1話 タイムリープ
過去で後悔してることってない?」
「いきなり何?」
「いいから質問に答えてよ」
「そりゃあるけど」
「じゃあ過去に戻ってやり直ししよ」
「過去に戻るってそんなのできるわけないじゃない」
「それができるって言ったらどうする?」
「はあ? さっきから何言ってんのあんた」
「いやー、私も最初は驚いたわけよ。 日々のストレスが引き起こした幻覚だと思ったわ」
「……聞くだけ聞くけどどうやって過去に戻るのよ」
「よくぞ聞いてくれました。 やり方はとても簡単。 ある呪文を唱えるだけです」
「あー、もういいや。 真面目に聞いた私がバカだった」
「ちょっとちょっと、私の話を最後まで聞いてよ。 月並みな言い方だけど騙されたと思ってさ」
「はあ……勝手にして」
「まず目を瞑って戻りたい過去を思い浮かべます。 そんでもって魔法の呪文を唱えます。『◯◯◯◯』」
「……何も起きないじゃない」
「……あれ? おかしいな昨日まではちゃんとできたのに」
「はあ、もういいわ。 由美も明日からまた仕事でしょ。 今日は帰るわよ」
「むむむ、おっかしいなあ」
呪文を唱えてもタイムリープできなかったことに由美は納得がいかないようだ。
まったく、冗談もここまで長引くと白けてしまう。
半ば強引にタクシーを捕まえ由美を自宅へと帰した。
きっと由美は酔っ払っているんだろう。
だからあんな訳の分からないことを言ったのだ。
そしてそんな私もきっと酔っ払っているのだろう。
家に帰りベッドに横になり、気付けば例の呪文を口にしていた。
そして案の定、タイムリープなどしていない。
私は小さくため息をつき暫くして眠りについた。
❇︎
「おい、佐々木。 起きろ」
誰かが私を呼んでいる。
聞き覚えのある男の声。
この声は誰の声だっけ。
その声はだんだんと私の元へと近づいていく。
そしてかなり近づいたと思った矢先、後頭部に痛みが走った。
それと同時に目を開ける。
するとそこには見覚えのある男の顔が映った。
一見ヤクザ映画に出てきそうなチンピラ顔の男。
ヤクザの頭とかじゃなくて下っ端のチンピラっぽいのが特徴だ。
思い出した。
この人は高校の時の担任の上本先生だ。
「お前最近たるんでるんじゃないか。 進路希望調査票出してないのお前だけだぞ」
クラスの皆が私の方を見て笑みを浮かべる。
あー、私って高校の頃こういう立ち位置だったな。
なんていうか悪く言えば問題児。
よく言えばムードメーカーみたいな。
それにしてもよくできた夢だな。妙にリアルというか。
「おい聞いてるのか佐々木」
ドスの効いた声で上本先生は怒鳴る。
こういう感じも懐かしい。
高校生なんて何年ぶりだろうか。今年24歳になったから7年ぶりとかになるのか。
私も歳をとったな。
「すみません先生。今月中には提出します」
「バーカ、今月はまだ始まったばかりじゃねえか。 今週いっぱいに出さなかったら退学だからな」
「えーん、先生厳しい」
教室が笑いに包まれる。
そうそう私はこんな感じだった。
夢とはいえリアルだな。
教室内を見渡すとそこには懐かしい顔が並んでいる。
成人式の日の打ち上げで見た以来だろう、2年B組の面々がそこにはいた。
どうやら今は朝のホームルームの時間のようでホームルームが終わると上本先生は他の教室へ向かっていった。
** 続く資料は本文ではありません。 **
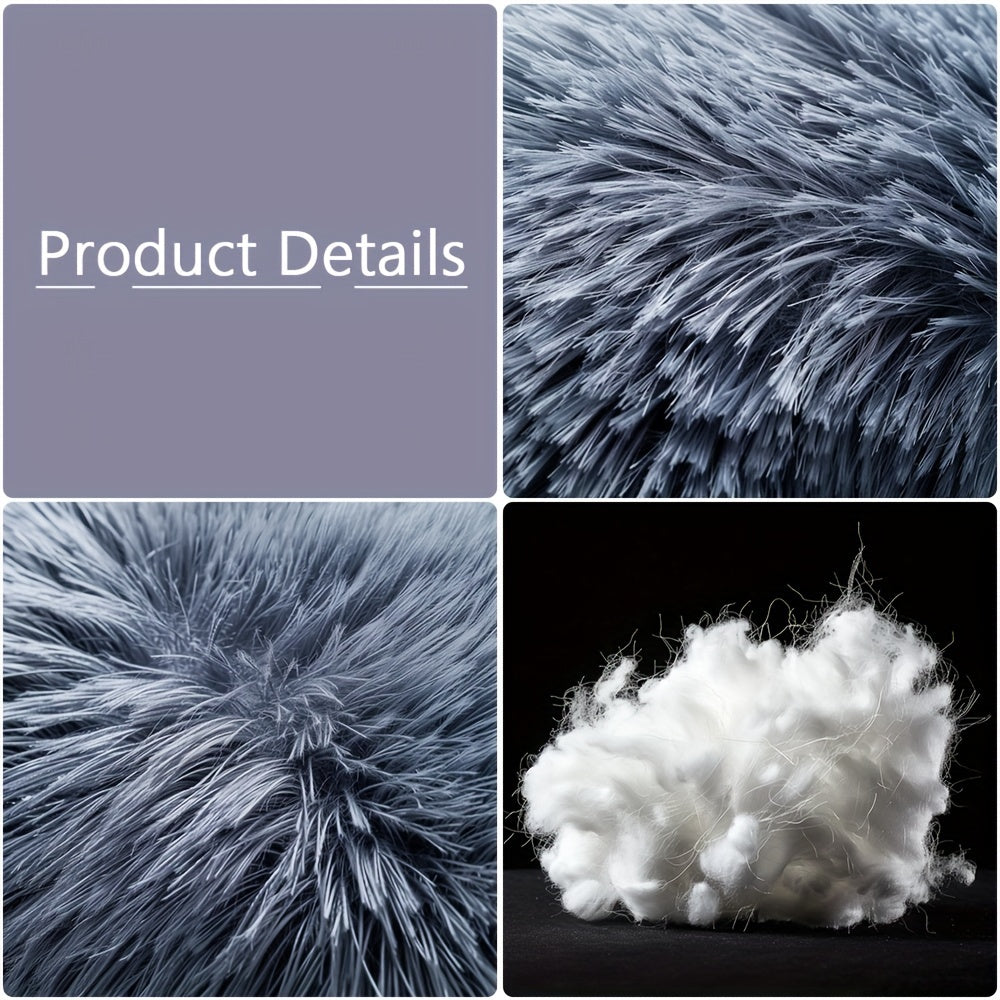 Calming Donut Cuddler Pet Bed, Soft Warm Fluffy Faux Fur Round Plush Cushion Bed for Small Medium Large Dogs and Cats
「ねえ奈津子、あんたもしかしてタイムリープしてない」
隣を見るとそこには高校時代の由美の姿があった。
「……はあ、夢だと思ってたけどもしかして本当にタイムリープしてるわけ」
「やっぱりそうだ。 さっきの様子なんだか不自然だったからもしかしてと思ったんだ。 奈津子、結局あの呪文唱えたんだね」
「相当酔ってたからね。 それよりこれってどうやったら戻るわけ」
「うーん、どうやら後悔してる過去を変えることによって元の世界に戻れるみたい」
「みたいってどういうことよ」
「私も2回しか戻ってないからね。 2回分の考察の賜物だよ」
由美は何故か得意げに胸を張る。
「後悔してることってなんなのよ」
「それは奈津子しかわからないよ」
由美は悪戯っ子のような笑みを浮かべた。
どうやら簡単には元の世界に戻れそうになさそうだ。
それでも何故か少しばかりワクワクしている自分がいた。